E é no benefício de um todo que continuou a esgrimir argumentos. Para além da concentração de capital nas mãos de poucas entidades, a Inteligência Artificial pode “concentrar influências, fluxo de informação, valores e promoção de uma monocultura, pensamentos e valores únicos prontos a serem lançados”, alertou.

“Temos de entender o que está por detrás da concentração de poder e do fluxo e como poderemos realinhar para ser mais descentralizado e possa dar poder a mais gente”, sublinhou. “Quem beneficia da tecnologia AI. São poucas, poucas pessoas. Uma minoria na parte norte do globo”, situou.

“Um pequeno número de empresas chinesas e norte-americanas dominam o espaço da IA”, constatou Srinivasan. “Vimos o que aconteceu com o social media. Queremos ir pelo mesmo caminho no que toca a AI ou poderemos planear de forma que não deixe o resto (do mundo) a navegar no escuro”, perguntou.

Regulação e a empregabilidade

A regulação, ou antes, a autorregulação é uma via apetitosa para os donos da tecnologia. O tema entra num balanço ao lado do investimento em inovação e o custo/beneficio dessa injeção monetária.

“As empresas têm a tentação de pensar que são as melhores para resolver os próprios problemas e sabemos que nem sempre acontece”, alertou. “É uma estratégia não ser transparente”, constatou.

“Todas estas questões implicam com 8 mil milhões de pessoas. A maioria não vive na europa, nem nos Estados Unidos, vive em África, América do Sul, Médio Oriente, Ásia e essas pessoas são sujeitos da tecnologias e objeto já que levam com o lixo tecnológico em cima e são alvo de extração de minerais necessários para os dados”, registou.

Página virada para a empregabilidade. Para Emilia Javorsky há duas formas de olhar o problema. Nos avanços tecnológicos ou se olha para o ângulo em que a IA “faz tudo o que podemos fazer e isso abre a porta a um futuro mais produtivo onde estaremos a desenvolver novas de progredir e avançar a sociedade”, ou, em contraponto “é usada para nos substituir e aí perderemos trabalhos e enfraquece-os economicamente”, confrontou.

Recorrendo a futurologia, Ramesh Srinivasan, foi ao passado recuperar a previsão de John Maynard Keynes da “semana de trabalho de 15 horas” e pintou o quadro do presente.

 “Há uma precariedade associada ao trabalho”, algo que está, segundo defende “ligado à eleição de Donald Trump”, frisou. “As pessoas vivem do salário, não conseguem pagar casas e nos EUA, a segurança económica está a decrescer e hoje ganhamos menos que nos nosso pais e isto tem a ver com a incrível distribuição assimétrica de quem beneficia desta tecnologia”, apontou.

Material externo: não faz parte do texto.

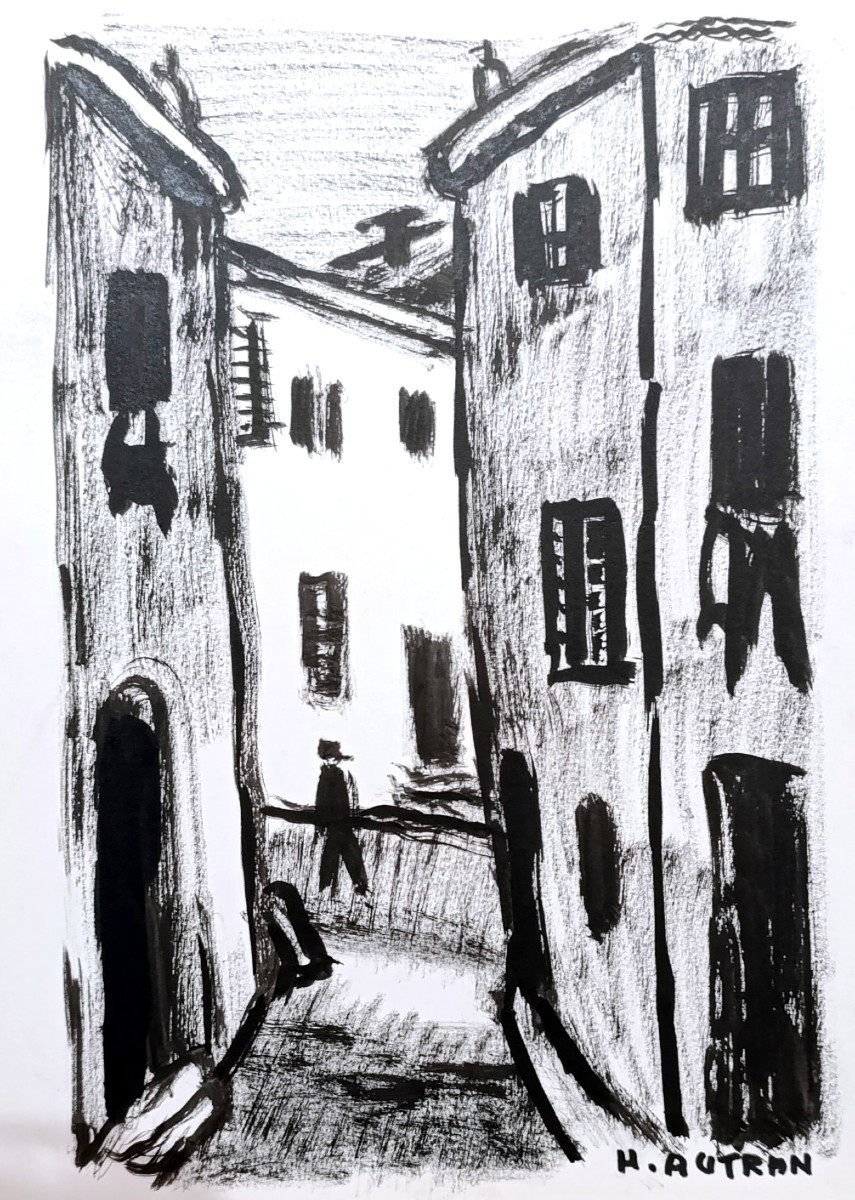 Henri Autran (1926-2007), Balade Au Village, Ink And Felt Pen On Paper, Signed-photo-1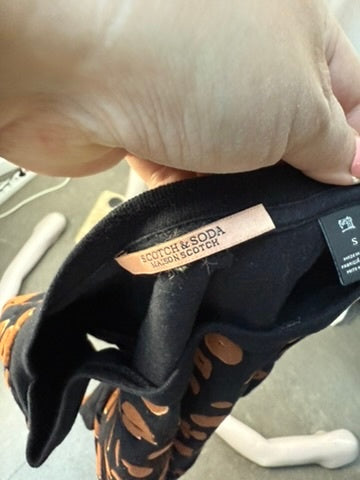 Maison Scotch Top maat S zwart, bruin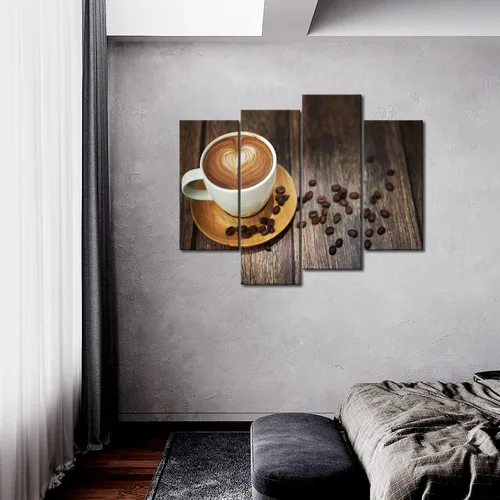 Vista 2 de Arte de pared de café marrón para bar, impresión de imagen con tema de café en lienzo para cocina, sala de estar, decoración del hogar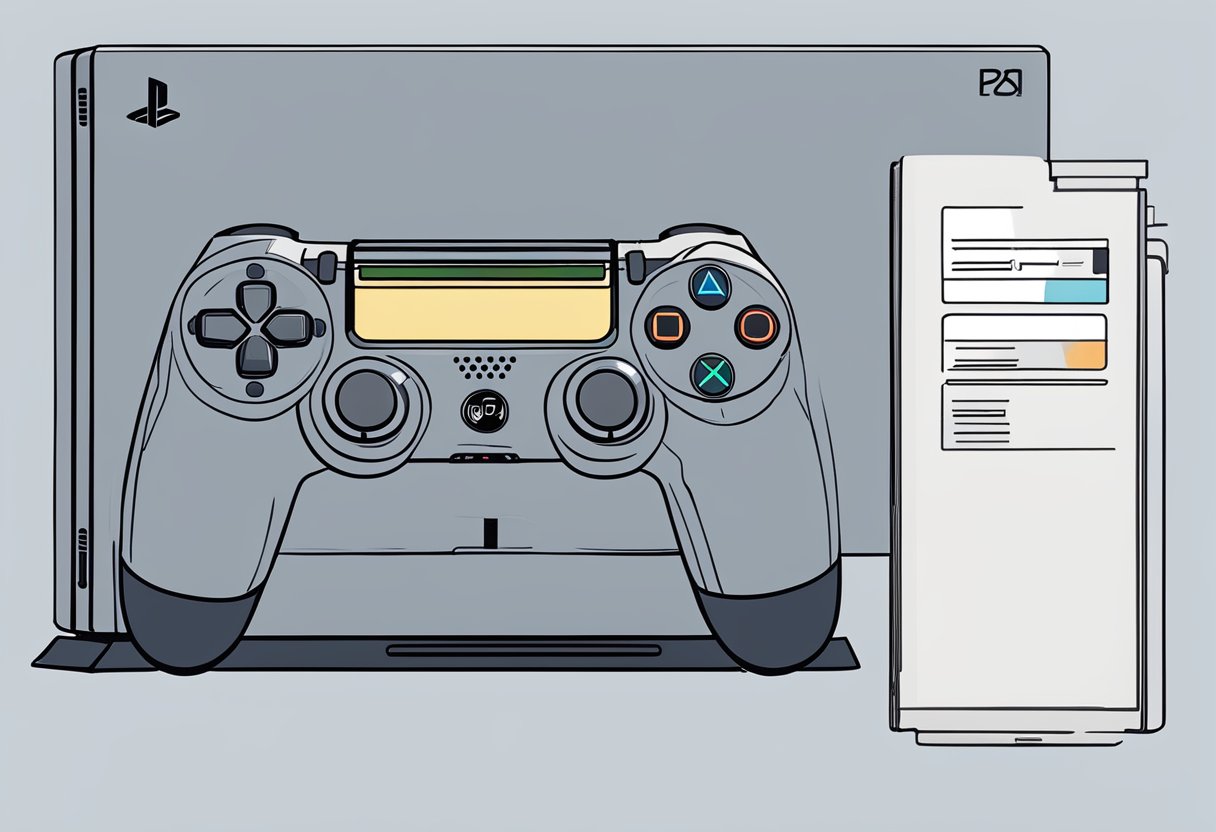 A PS4 console with an error code displayed on the screen, accompanied by a controller and a troubleshooting guide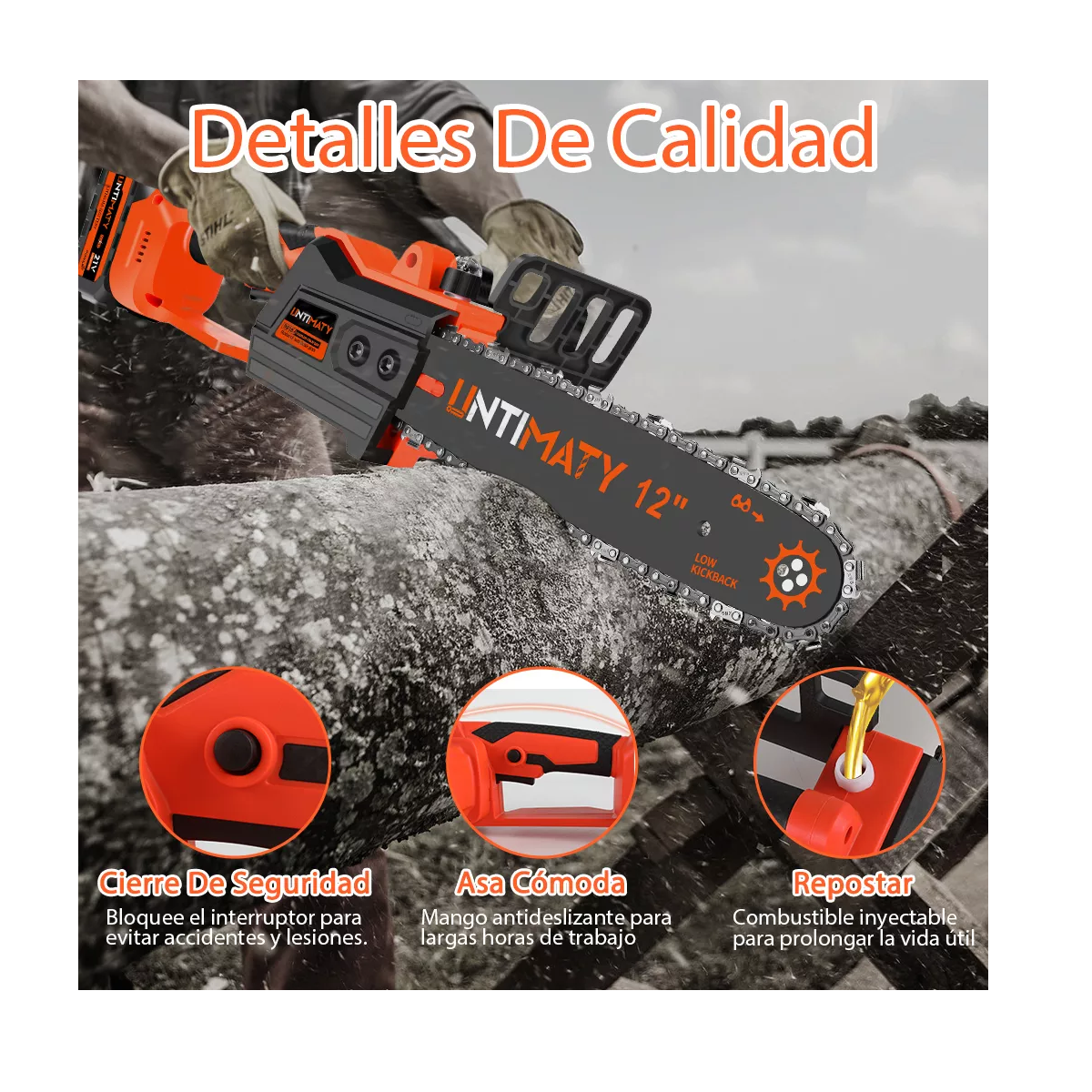 Motosierra eléctrica a batería  1200W 110V/220V.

A transparência e a privacidade pela lente do dilema ético

“Em teoria, tudo pode ser coletivamente transformado em dados. Está na génese da fundação das redes sociais e da IA”, enunciou o professor da universidade da Califórnia, um estudioso do impacto da tecnologia nas sociedades.

Recuperou a recolha e guarda de dados. “O que necessitamos é o mínimo de transparência. Gostava de saber o que está a ser recolhido e por quem, por quanto tempo e deve, ou não, ser agregado a outros dados”, questionou. “O meu Instagram mostra-me sempre feliz, mas o cartão de crédito mostra que compro junk food (comida de plástico) às duas da manhã e as 7. Será que quero essa informação disponível?”, inquiriu. “Os direitos dos dados começam com a transparência, mas devemos ir além, para o governance”, indicou.

“O pedido de privacidade e transparência está mais do que nunca na ordem do dia”, reconheceu Emilia Javorsky que deixa um recado. “A combinação entre disponibilidade de informação e Inteligência Artificial é uma receita interessante para a vigilância”, sustentou.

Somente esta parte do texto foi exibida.